So tired

My soul had become so tired

ragged

but my body could never catch up.

 

I sat awake,

laid in beds staring

at ceilings that did not mean anything

even with the shapes I imagined dancing.

 

There were occasionally figures dancing

on the ceiling with the brutal brush strokes

but also in the corner of my eyes

but when I turned

you were gone.

 

Life can hurt you when you are laying around

in the quiet and isolated moments

where no one is being touched or touching you

and there’s too much gravity to get comfortable.

 

Bukowski spoke of his soul dropping

down through the mattress,

but maybe if it was just a soul

I would cut my losses and move on without it.

 

It wasn’t just a soul being left behind

and there wasn’t a mattress expensive enough

to lull this tired mind

and worn-out body

into dream’s clutches.

 

The condo echoed the ticking, broken clock,

a casualty of one of my latest good memories,

and the condo snapped awake with heat against

an uncharacteristically chilly St.

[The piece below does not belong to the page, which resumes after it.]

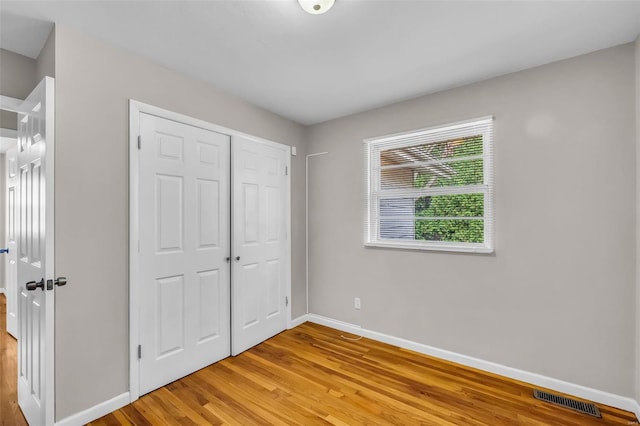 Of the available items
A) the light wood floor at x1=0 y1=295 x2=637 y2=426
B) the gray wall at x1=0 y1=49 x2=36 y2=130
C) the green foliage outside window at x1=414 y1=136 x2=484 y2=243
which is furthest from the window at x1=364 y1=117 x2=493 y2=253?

John’s evening.

 

The place had no apt defenses to the cold

just as I had found myself savaged not long ago

because the cold of places and especially of people

has a way of taking us by surprise.

 

The frost sneaks up around your

walls of trust and respect

and bites at whatever it can touch

and unfortunately

we let it into the most tender and

intimate

areas.

 

I wasn’t sure if the scars had accumulated too much,

the real pain of all of these open woulds stung too much

or the phantom pain of everything lost and still felt

was the culprit,

but sleep remained elusive nonetheless.

 

The reason doesn’t matter,

because humans aren’t built on rationality,

not at our deep and tender levels,

and that’s where all the real danger was.

 

There were many ghosts that became my friends

even though they prevented me from sleeping

and there was a white elephant in the room that

I wasn’t going to talk about anymore.